■ INSTRUCTIONS FOR THE TASK ■
Copy, pictures aside: the lines below from the one that holds "QAWRA Palace Resort & SPA" through the final line of the listing, both ends included, exactly as they are and nothing else.

■ EXCERPTED DATA ■
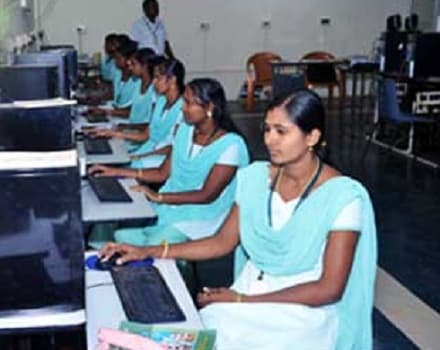 Annai Velankanni College Tholayavattam Kanyakumari College facilities photo 4
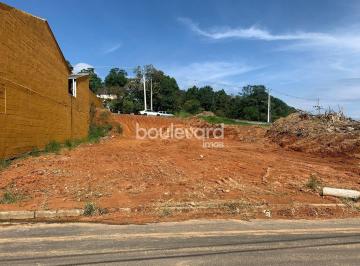 Terreno · 842m² · Terreno de 842m² | Ceniro Martins | São José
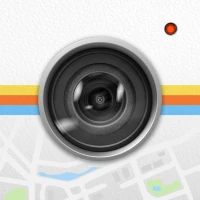 Timestamp Camera - Timemark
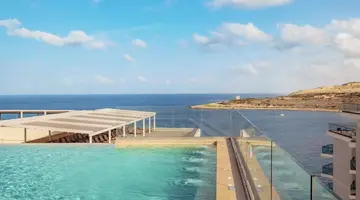 QAWRA Palace Resort & SPA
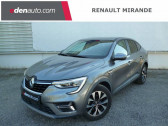 Annonce Renault Arkana occasion Essence TCe 140 EDC FAP Business  Moncassin
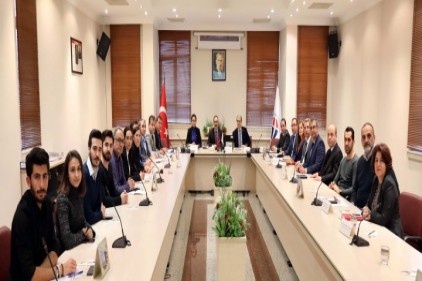 Güneydoğu&#039;nun en büyük kariyer fuarı 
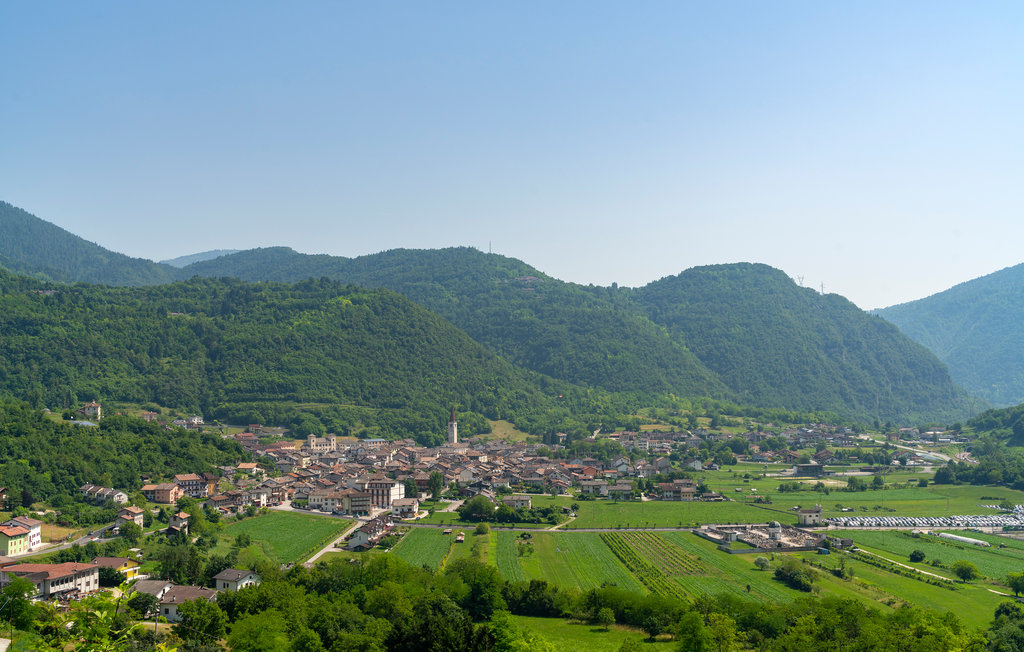 Feriehuse - Sovramonte , Italien - IDD430 30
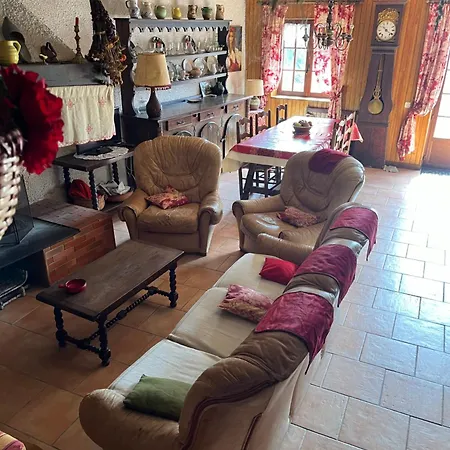 La Regalade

■ FINISHED TASK ■
 QAWRA Palace Resort & SPA
 Annonce Renault Arkana occasion Essence TCe 140 EDC FAP Business  Moncassin
 Güneydoğu&#039;nun en büyük kariyer fuarı 
 Feriehuse - Sovramonte , Italien - IDD430 30
 La Regalade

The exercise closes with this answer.